But secondly, of the outline: touch is not enough for full recreation.

And I go back to the text here, and I know again this I’m using this as an illustration, but I think it’s important for us. In verse 10, Daniel—okay, in verse 9, he’s in a deep sleep, coma, near death, almost dead, mostly dead. Verse 10: “Suddenly a hand touched me, which made me tremble on my knees and on the palms of my hands.” So he’s up on all fours. He’s laying down flat at first and then he’s touched. He’s ministered to in a physical way and he gets up to all fours. Okay? But he’s not upright yet.

And then the person touching him says something to him: “Oh Daniel, man, greatly beloved.” He speaks to Daniel. “While he’s speaking, I stood trembling.” So, see, we can use that as an illustration that it’s not enough just to minister to people’s physical needs. That gets them halfway up out of their despair. But what we really want to do is bring them into the body of Christ—the way the Roaches, next week maybe the Lopezes, and each of our brought into. You know, it takes a church to properly disciple people to bring their lives into wholeness.

And so to bring them to full stature as men, it takes ministering to physical needs in the name of Jesus Christ, Love, Inc., and that’s what affects then full restoration or recreation. So touching comes first, but touching isn’t enough. Touching brings him to a kneeling position. Speaking brings him to a standing position.

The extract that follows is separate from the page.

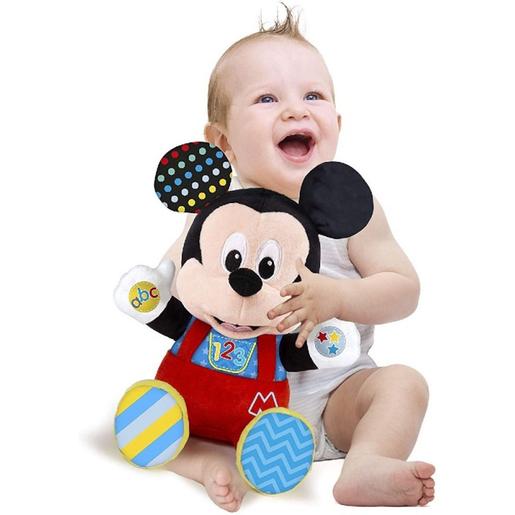 Disney baby - Peluche Disney Mickey Juega y aprende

Nebuchadnezzar’s conversion, you know, it’s elements of being ministered to, but then God raises him up by bringing him to a sensibility through hearing the words of Daniel as it relates to how he has governed his kingdom. He needs to be ministered to. Daniel and his friends do that out there. They give him the food, probably while he’s crawling around. He’s touched. He’s ministered to, but then he’s brought to full resurrection status. His conversion is completed by the speaking forth of Daniel and his friends to Nebuchadnezzar.

So this is the way it works in the Scriptures. And these words—how do we speak these recreative words? You know, and here I go. See, this is my problem because I tend to want to emphasize the text. The text has more information on the speaking side of the thing than the touching side. And because of that, we end up talking about it more. Well, that’s okay. That’s the way the text is. But in terms of emphasis, just remember that this speaking of recreative words follows ministering to physical needs.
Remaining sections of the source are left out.